Le 6 septembre 1896, la commune dut contracter un nouvel emprunt de 3400 francs pour achever le paiement de la construction le 14 février 1897.Les raisons du dépassement du montant prévu : la masse de maçonnerie dans les culées avait été sous-estimée par l’architecte, le mur de défense pour garantir le perré sur la rive droite n’avait pas été prévu.
Le conseil municipal protesta contre les employés et l’entrepreneur qui n’aurait pas dû procéder à ces constructions imprévues sans le consulter et contre la construction d’un aqueduc qui ne figurait pas sur les plans, au profit du sieur Panafieu.
En effet, le 29 août 1897, le sieur André Panafieu du moulin de Cantobre, demande que la passerelle provisoire établie sur la Dourbie lui soit abandonnée pour être établie par lui sur le Trévezel. (Il y a cent ans entre Nant et Cantobre, le long chemin de la reconstruction, Midi Libre, 12 février 1996). C’est en 1896 que le pont fut remis en service, la date inscrite entre les deux arches, de chaque côté du pont est là pour nous le rappeler.

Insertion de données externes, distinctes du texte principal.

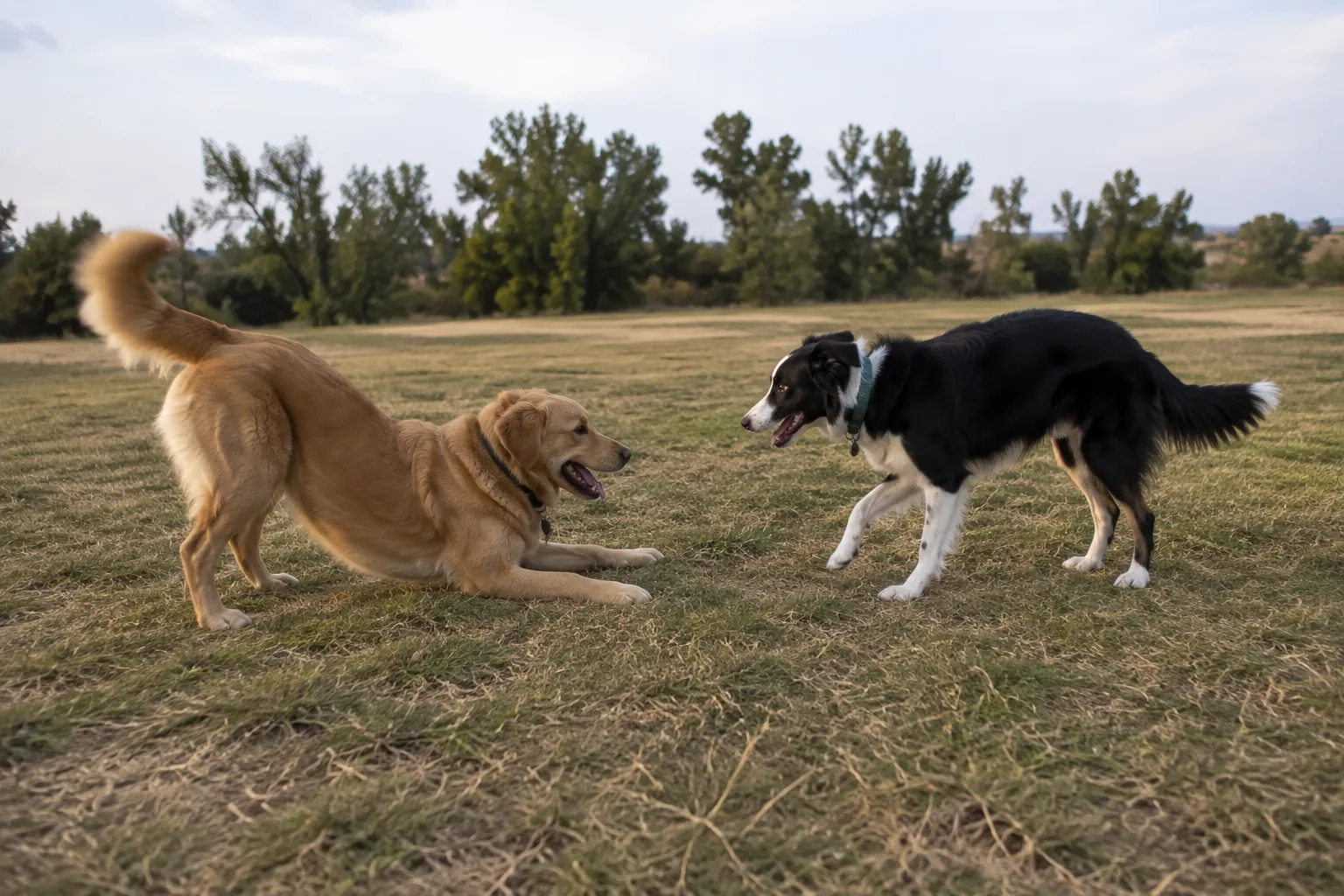 Two dogs showing loose, reciprocal play body language at a dog park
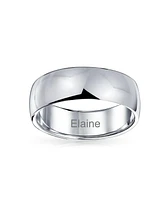 Bling Jewelry Simple Polished Wide Dome .925 Sterling Silver Band Ring 6MM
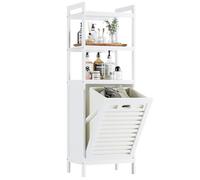 HITNET Meuble Salle de Bain avec Panier à Linge, Armoire Bas Salle de Bain en Bambou avec 3 étagères Ouvertes, 32L Sac Intérieur Amovible pour Buanderie, Toilette et Chambre à Coucher, Blanche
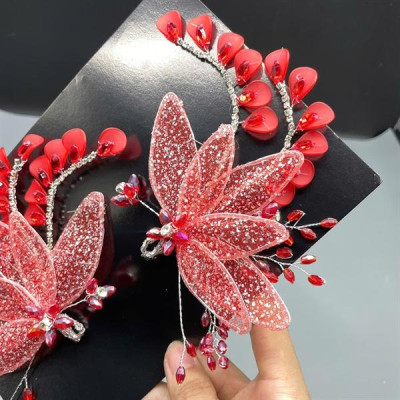 Cài tóc cô dâu mẫu cánh lá tuyết kim sa màu đỏ mẫu mới t11/2024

En 1900, c’est une affaire d’argent qui voit le jour. Barascud, l’ancien entrepreneur du pont de Cantobre, réclame 8 444, 50 francs pour suppléments de travaux, alors que la commune de Nant est d’avis de lui accorder 457,50 francs pour toute indemnité (Délibération communale Nant, 1er juillet 1900).

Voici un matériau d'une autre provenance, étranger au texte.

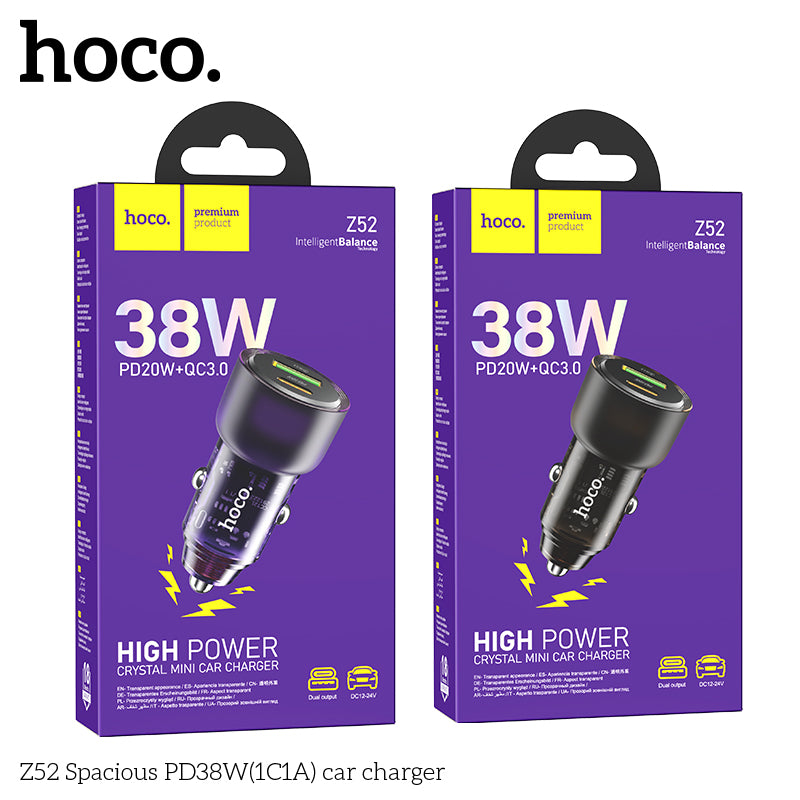 HOCO Z52 Spacious PD38W 1C1A car charger - Black wholesale mobile accessory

Le 2 novembre 1902, les experts rédigent un rapport pour le règlement des travaux de ce pont. Aujourd’hui, si ce pont est toujours emprunté par les habitants de Cantobre, il l’est surtout par les promeneurs et les touristes. Le chemin de Nant à Saint-Sulpice, qui n’était ni vicinal, ni même rural, est devenu la route départementale 145.